I finally finished reading the Bhagavad Gita a few weeks ago. Yoga school has assigned us the version by Stephen Mitchell. I’ve never read the Gita before so I don’t have much of a base for comparison. While I was waiting for my book orders to arrive by mail, I surfed the web and checked out a few on-line versions. Mitchell’s Gita is inspired. Like I said, although I don’t really know any better, his translation in English reads like it was meant to be written that way.
I remember learning in my first year anthropology class that ancient cultures had an oral tradition of transferring wisdom from teacher to student. Instead of writing it down, they passed on the knowledge in the form of stories and songs. So it only made sense that I should try and do this with the Gita.
When I started to read the second half of the book, aloud and to myself, the story of Arjuna and Krishna seemed to come alive and make sense. The sound of the words drifted up into my ears like a beautiful song.
But I was still confused. I couldn’t write about what I was reading because I wasn’t really sure what I’d learned. There’s a lot of repetition in this story. The basic premise is that Arjuna, the warrior king, doesn’t want to fight in a war against his relatives and asks for advice from Krishna, the Divine being manifest in human form. Krishna is quite descriptive and metaphorical as he teaches his lessons to his student.
So of course, I had to read the Gita again. Seems the second time’s the charm.
Here’s my take on some of the themes found in the Gita:
The Self will be born and then die, only to repeat this many, many times.
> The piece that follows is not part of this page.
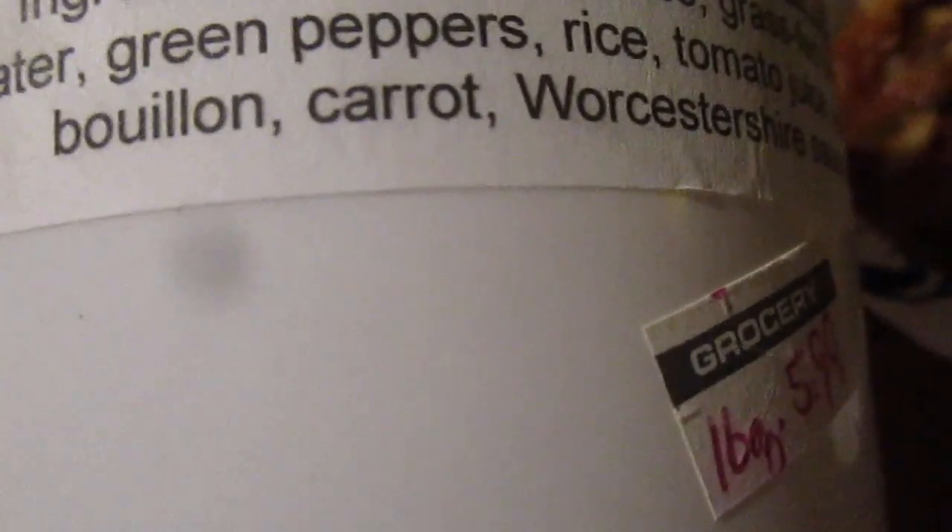16 ounces for $5.99. Ingredients: tomato sauce, grass-fed bison meat, water, green peppers, rice, tomato juice, onion, chicken bouillon, carrot, Worcestershire sauce, and spices.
You have to take action in life, but you shouldn’t become attached to the results that may arise. You have to “…follow the path of selfless action.”
Meditation is a path to inner peace.
The Divine Being Krishna describes his many manifestations. The beginning and the end. The sun and the moon. The universe. The sound “Om”. Pure energy.
In Sanskrit, guna means mode, phase or virtue. Krishna gives many lessons regarding the three gunas, which are sattva (attachment to joy), rajas (attachment to action) and tamas (delusion and lethargy). Through the faithful practice of yoga, you can achieve freedom and move beyond these three gunas.
I know that scholars have spent their entire careers analyzing yoga philosophy. For me, I’m just playing around and seeing what I can interpret from my reading. It will be interesting to see where the discussion takes us when we talk about the Gita in yoga school.